Changelog

This page documents all notable changes to SyncEngine.

Version 0.2.0 (2025-01-XX)

New Features

Progress Tracking Enhancement

  • Added comprehensive file-level progress tracking with byte-level precision

  • New SyncProgressTracker with callback support for real-time progress monitoring

  • Upload progress events: SCAN_DIR_START, SCAN_DIR_COMPLETE, UPLOAD_BATCH_START, UPLOAD_FILE_START, UPLOAD_FILE_PROGRESS, UPLOAD_FILE_COMPLETE, UPLOAD_FILE_ERROR, UPLOAD_BATCH_COMPLETE

  • Download progress events: DOWNLOAD_BATCH_START, DOWNLOAD_FILE_START, DOWNLOAD_FILE_PROGRESS, DOWNLOAD_FILE_COMPLETE, DOWNLOAD_FILE_ERROR, DOWNLOAD_BATCH_COMPLETE

  • Each event provides detailed information via SyncProgressInfo including file paths, byte counts, transfer speeds, and ETAs

  • Progress tracking now supports both sync_pair() and download_folder() methods

Advanced Upload Control

  • Added parent_id parameter to SyncPair - upload directly into a specific folder ID without path resolution

  • Added files_to_skip parameter to sync_pair() - skip specific files during sync (useful for duplicate handling)

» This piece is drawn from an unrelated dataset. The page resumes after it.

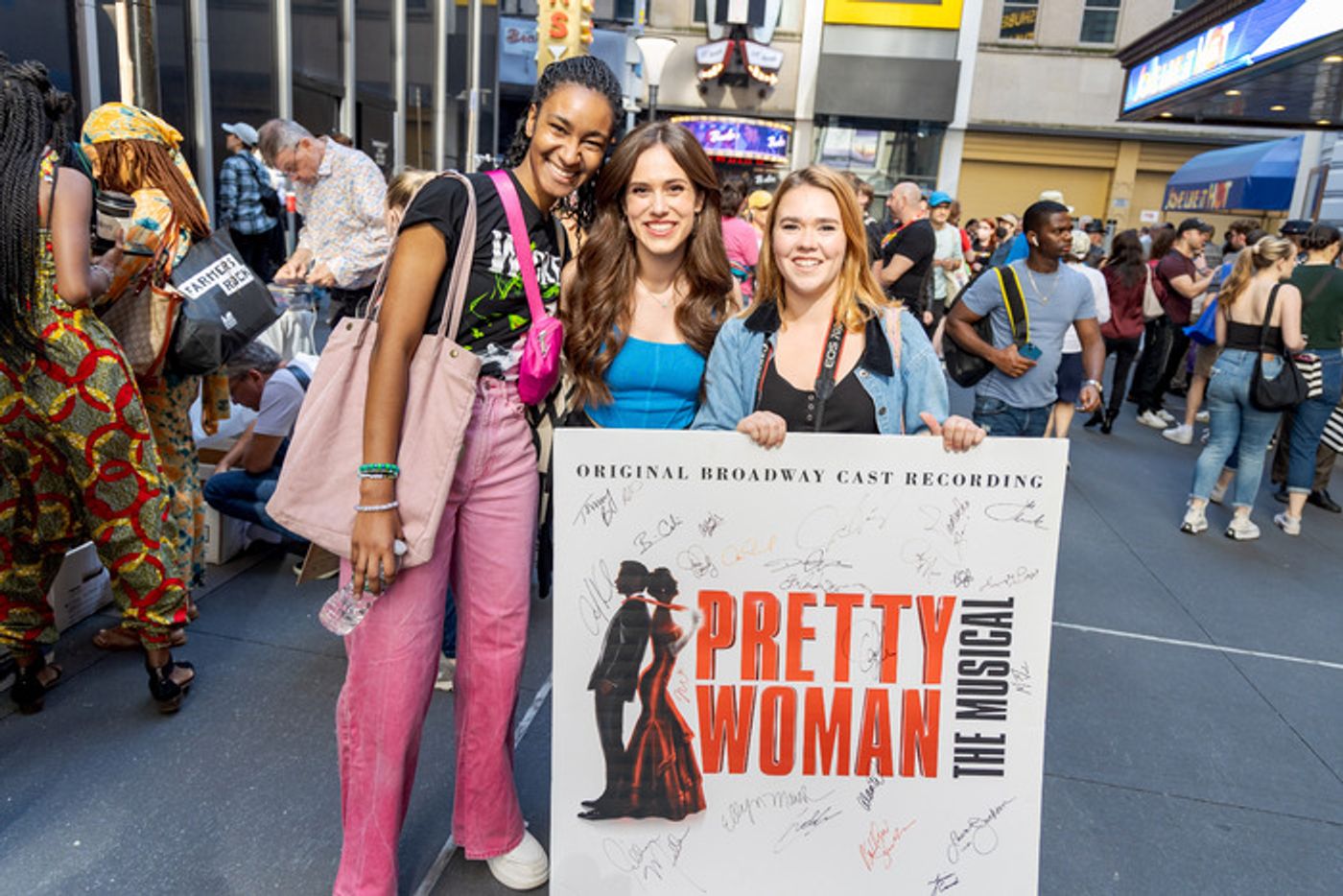 Photos: 2023 BC/EFA Broadway Flea Market & Grand Auction Raises Record-Breaking $1,237,179  Image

  • Added file_renames parameter to sync_pair() - rename files during upload (useful for duplicate handling)

Force Upload/Download

  • Added force_upload parameter to sync_pair() - bypass hash/size comparison and upload all source files even when they match remote files

  • Added force_download parameter to sync_pair() - bypass hash/size comparison and download all destination files even when they match local files

  • Perfect for implementing “replace” duplicate handling strategies

  • Works with all sync modes: SOURCE_TO_DESTINATION, SOURCE_BACKUP, DESTINATION_TO_SOURCE, DESTINATION_BACKUP, TWO_WAY

  • Still respects files_to_skip and file_renames parameters

  • In TWO_WAY mode, force_upload takes precedence when both flags are set

Comparison Modes (NEW)

  • Added ComparisonMode enum for flexible file comparison strategies

  • HASH_THEN_MTIME: Default - uses hash when available, falls back to mtime

  • SIZE_ONLY: For encrypted storage where hash is unavailable (e.g., encrypted vaults)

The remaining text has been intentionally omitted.